「演劇的」とは何か/その3 小松島高「補習授業は暑くて長い」


 今回の四国大会で、特筆すべき場面があった。大会初日、最初に上演された小松島高「補習授業は暑くて長い」の中である。


 この作品は、夏休み、とある高校の地歴科準備室に集まる生徒と、若き世界史の臨時教師との交流を描いている。ちょうど8月15日、終戦記念日、世界史の補習の最中、黙祷をおこなう場面から芝居は始まる。黙祷の後、右翼的な考えを持つ生徒、白木が、若い臨時教師である青山につっかかる。「先生は、大東亜戦争で犠牲になった方々に対して、何を考えて黙祷をなさったのでしょうか?」


 この生徒は、中盤でもう一度登場する。いじめで自殺した生徒の地区の教育長が19歳の少年にハンマーで殴られたというニュースを世界史の臨時教師に示しつつ、「犯人の気持ちが僕にはわかる。ゆるせないことに対して、こうやって行動することもできる、正直先を越されたと思った」と語るのである。

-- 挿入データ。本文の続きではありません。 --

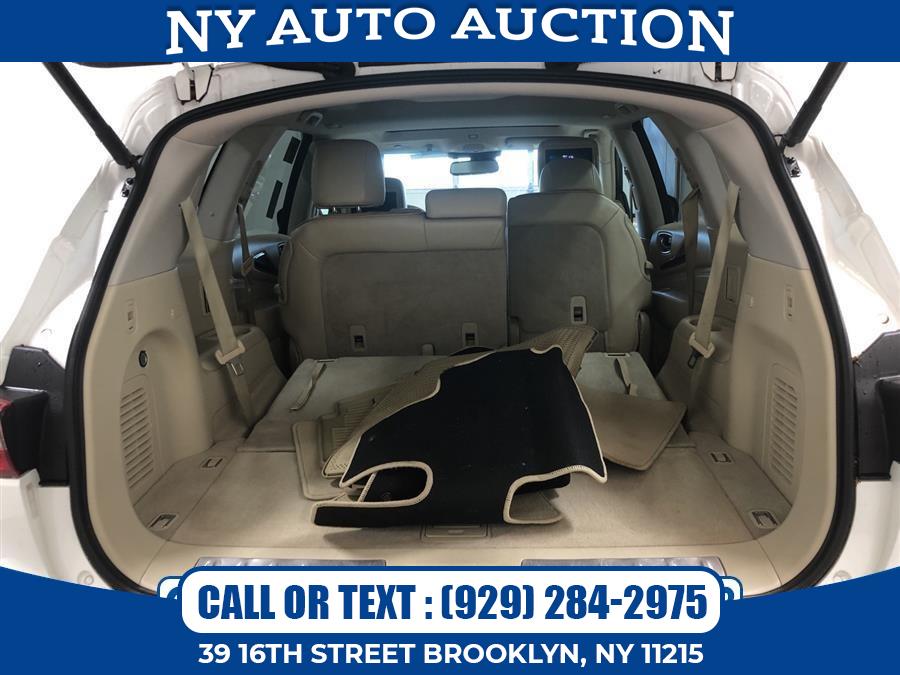 Used Infiniti JX35 AWD 4dr 2013 | NY Auto Auction. Brooklyn, New York Used Infiniti JX35 AWD 4dr 2013 | NY Auto Auction. Brooklyn, New York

 この説明だけだと、右翼的な高校生は、アブナい狂信者に聞こえる。ネット右翼と言うレッテルには一般にはあまりいいイメージがない。作り手のイメージに準拠して作れば、おそらく十中八九、「狂信的なネット右翼の高校生VS戸惑う女教師」といった構図になると思う。


 ところが実際の舞台は180度違った。白木を演じた臼木くんが、まっすぐ背筋を伸ばして気持ちをこめて語ると、切実な悩める魂の叫びのように聞こえたのだった。オイラは自然に彼に感情移入できた。共感できた。「僕は、毎日、新聞やテレビを見るたび、はらわたが煮えくりかえる。どうして今の日本人は、こんなにも自分勝手で、無責任で、国家社会に対する自らの責任を果そうとしないのか」それを聞いて、思わずオイラは心の中でつぶやいた。「君の言うとおり。君が正しい」と。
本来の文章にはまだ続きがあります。